Reputation: 1867
I have rather large project that uses ICU regex classes. Basically it might run in single-threaded mode, and in multi-threaded mode. In latter case all threads initialize own internal data (including regexes they use).
Originally project used shared_ptr to RegexPattern class to store regular expression for further use. I identified RegexPattern::matcher() call to be a bottleneck as it involves extra memory allocation to allocate new RegexMatcher class, so I decided to switch to store shared_ptr to RegexMatcher, and just call reset(str) before calling match.
I want to stress again - regexes are not shared between threads.
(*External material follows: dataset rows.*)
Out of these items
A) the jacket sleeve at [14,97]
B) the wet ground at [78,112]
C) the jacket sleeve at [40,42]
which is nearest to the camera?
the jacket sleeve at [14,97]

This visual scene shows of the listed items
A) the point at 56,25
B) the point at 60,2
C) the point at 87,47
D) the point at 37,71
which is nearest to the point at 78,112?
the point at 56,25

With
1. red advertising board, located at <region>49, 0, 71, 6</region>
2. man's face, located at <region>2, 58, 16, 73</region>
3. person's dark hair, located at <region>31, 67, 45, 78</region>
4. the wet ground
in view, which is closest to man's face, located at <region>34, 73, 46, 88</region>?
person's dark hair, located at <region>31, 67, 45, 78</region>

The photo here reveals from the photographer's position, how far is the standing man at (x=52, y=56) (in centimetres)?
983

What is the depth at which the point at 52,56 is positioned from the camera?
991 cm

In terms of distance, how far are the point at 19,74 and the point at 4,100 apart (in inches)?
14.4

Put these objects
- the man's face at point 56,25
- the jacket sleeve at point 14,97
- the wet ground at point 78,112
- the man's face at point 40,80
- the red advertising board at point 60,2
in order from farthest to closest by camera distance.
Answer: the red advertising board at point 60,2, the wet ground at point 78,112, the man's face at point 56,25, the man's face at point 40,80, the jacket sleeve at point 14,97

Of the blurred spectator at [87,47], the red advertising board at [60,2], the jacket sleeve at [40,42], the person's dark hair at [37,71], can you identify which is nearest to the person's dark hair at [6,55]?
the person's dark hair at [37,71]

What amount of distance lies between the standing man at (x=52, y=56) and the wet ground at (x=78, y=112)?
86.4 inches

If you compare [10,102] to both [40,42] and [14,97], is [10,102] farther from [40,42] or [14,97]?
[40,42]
So it all went fine in single-threaded mode, and app worked slightly faster as I expected. However when I tried to run ~10 processing threads at once ICU library started to give weird results - in debug build some parts of data were partially initialized, some invalid values poped up here and there.
I looked at the ICU code and don't see any static stuff that might cause such behavior.
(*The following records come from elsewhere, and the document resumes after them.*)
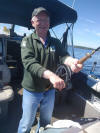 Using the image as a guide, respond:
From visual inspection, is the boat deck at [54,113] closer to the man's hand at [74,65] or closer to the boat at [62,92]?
the boat at [62,92]

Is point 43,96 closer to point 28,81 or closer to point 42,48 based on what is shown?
point 28,81

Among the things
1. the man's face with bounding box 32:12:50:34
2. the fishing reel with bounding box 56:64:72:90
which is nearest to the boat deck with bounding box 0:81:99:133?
the fishing reel with bounding box 56:64:72:90

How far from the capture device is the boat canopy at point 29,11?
2.57m

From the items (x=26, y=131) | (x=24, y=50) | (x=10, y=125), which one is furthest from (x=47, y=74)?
(x=10, y=125)

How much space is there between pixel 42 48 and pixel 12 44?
311 centimetres

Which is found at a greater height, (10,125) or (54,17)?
(54,17)

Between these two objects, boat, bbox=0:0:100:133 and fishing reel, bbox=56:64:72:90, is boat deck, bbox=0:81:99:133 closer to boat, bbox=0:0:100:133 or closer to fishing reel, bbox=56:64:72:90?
boat, bbox=0:0:100:133

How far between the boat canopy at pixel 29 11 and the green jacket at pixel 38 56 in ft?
4.49

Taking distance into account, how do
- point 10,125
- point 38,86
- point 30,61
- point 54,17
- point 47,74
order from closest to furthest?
point 47,74, point 30,61, point 38,86, point 10,125, point 54,17

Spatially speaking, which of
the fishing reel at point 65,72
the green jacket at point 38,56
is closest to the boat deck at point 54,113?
the green jacket at point 38,56

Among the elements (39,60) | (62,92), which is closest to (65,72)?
(39,60)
So the questions are (mostly they cause by the lack of appropriate documentation): 1) Is it valid scenario to store RegexMatcher instead of RegexPattern (RegexMatcher has a member pointing to the pattern being used)? 2) Are there any limitations on multithreading usage of ICU regexes not listed in documentation?
Just to note: my dev platform is Visual C++ 2010, compiling for Win32
Note: I was not able to reproduce such weird behavior in isolated test application that does only regex matching in 10 threads simultaneously, that's why questions are rather open-ended.
Upvotes: 2
Views: 441
Reputation: 1867
Actually I was wrong - there is a case when single regexp is used from different threads. Obviously it cases issues when using RegexMatcher instead of RegexPattern
Upvotes: 2